Lucia cut a slice of bread from the loaf and put it on the toast rack.

“Why was there shooting at Grand River?” asked Lucia.

“Take this away,” said Aunt Zita, pointing a long white finger at the dark toast on her plate.

Lucia took it. She might have eaten it herself but instead she used the lid iron to move one of the flat circular lids on the range and drop the bread into the flames, and then she replaced the lid. She would later remember that she had thrown away a piece of bread.

Lucia turned around and faced Aunt Zita. “Please,” she said.

“My toast,” said Aunt Zita.

Lucia turned the toast and waited a minute until it had browned, and then served Aunt Zita.
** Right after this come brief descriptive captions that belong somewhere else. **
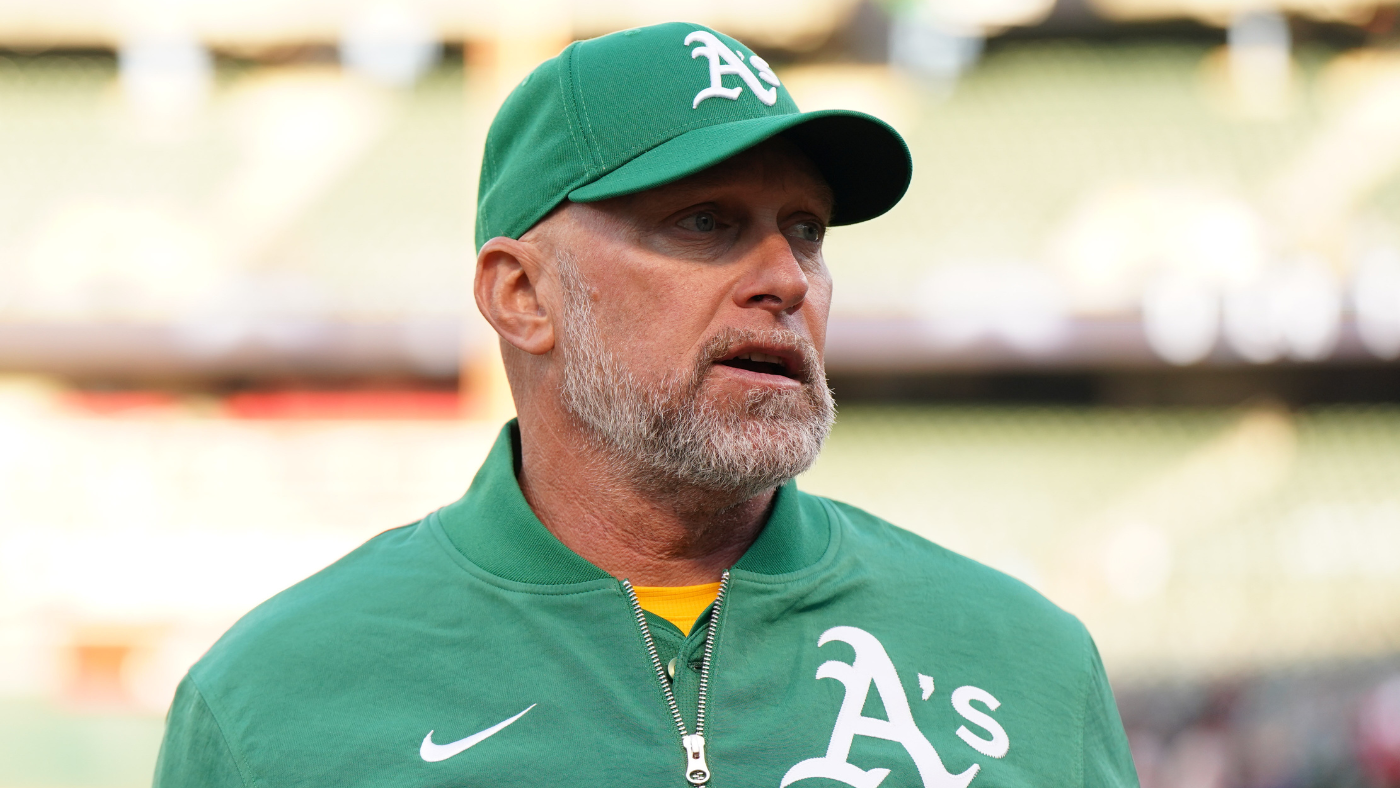 Athletics extend manager Mark Kotsay through 2028 as team prepares for Sacramento layover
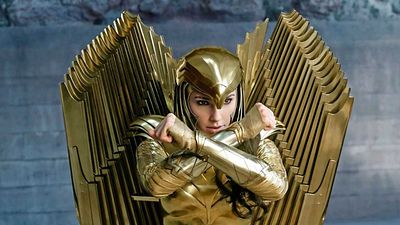 Wonder Woman 1984, HBO Max'te Yayınlanacak! haber görseli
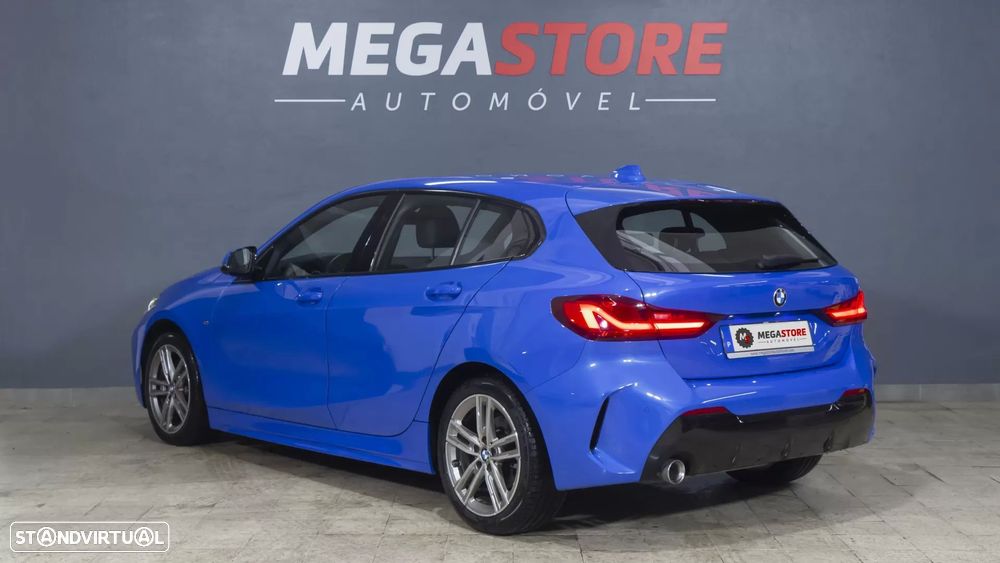 BMW 116 d Corporate Edition M - 5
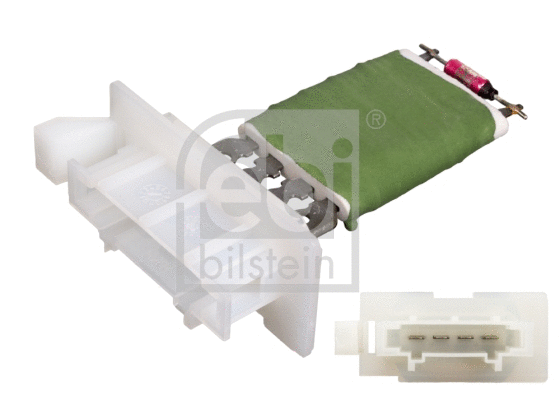 Resistor, interior blower (102596)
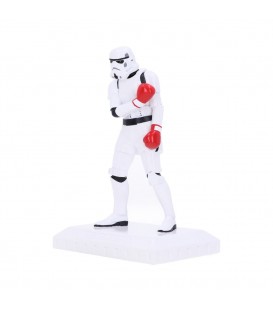 Stormtrooper Figur Boxer The Greatest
Lucia sat down opposite her, and watched her knife press butter onto the toast.

“Please,” said Lucia.

“I heard yesterday,” said Aunt Zita, chopping at the eggs with the side of her fork, “from one of the men who drives one of the beef wagons who heard from a lieutenant at Fort Yates that the Ghost Dancing is about over.” Aunt Zita looked at her wisely, a flap of egg on her fork halfway to her mouth. Then the fork moved and the bit of egg disappeared between her thin lips.